New housing starts are a bellwether indicator of the health of the US economy because so many people make their living in the construction industry. While the numbers released today were not for new homes, they are a good indicator that builders will not be investing in new developments any time soon. The inventory of unsold homes - both new and existing - is currently approaching record levels. And many banks are holding what is referred to as shadow inventory - homes that they own but that have not been put on the market yet; largely so that there are never so many homes on the market that it collapses.
Most economists think that the drop off in home sales is due to the fact that government tax credits for new home buyers expired in May. These tax credits are largely credited for helping to increase home sales dramatically during the first half of this year. But most the people who took advantage of the credit actually planned on buying a home anyway. The tax credit just got them to accelerate their purchases; creating another housing market bubble which apparently burst in July. It could prove to be a classic example of the unintended consequences of government interference in the market.
The drop off in sales was not uniform around the country. The Midwest had a 35% decrease in sales in July, while the South saw only a 22% decrease.
This news is not just bad for those who are already having trouble with their mortgage payments. It could also prove to be an issue for anyone who currently has equity in their home and a job. If the trend continues, housing prices will begin falling again. This could place millions of additional households in the position of owing more on their homes than they are worth. It also means that consumers should continue to expect it to become even more difficult to qualify for a new mortgage as the market continues to adjust.

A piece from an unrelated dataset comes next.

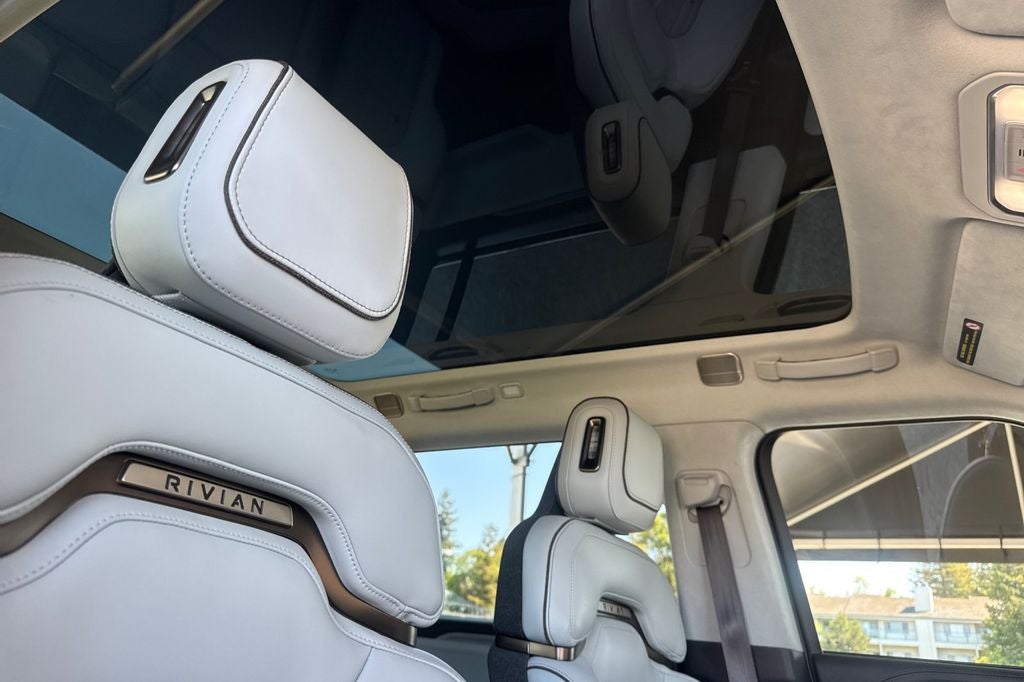 2025 Rivian R1S Ascend Tri Motor Max Pack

Some analysts expect that housing prices could dip another 15% this year. If that is the case, homeowner who are thinking about taking out a home equity line of credit need to be particularly careful. Once these lines of credit are used, lenders can call the loan back in if the value of the house exceeds the amount owed. This can force borrowers into selling or going through a foreclosure even if they are not otherwise in financial distress. This is not true however for anyone who uses a traditional mortgage to take money out of their house.
Given the state of the economy, ACCESS is warning anyone considering a new loan on their home to make sure that you understand the loan terms thoroughly .Taking out the wrong type of loan in a declining housing market could eventually cost you all of the equity in your home or leave you completely homeless.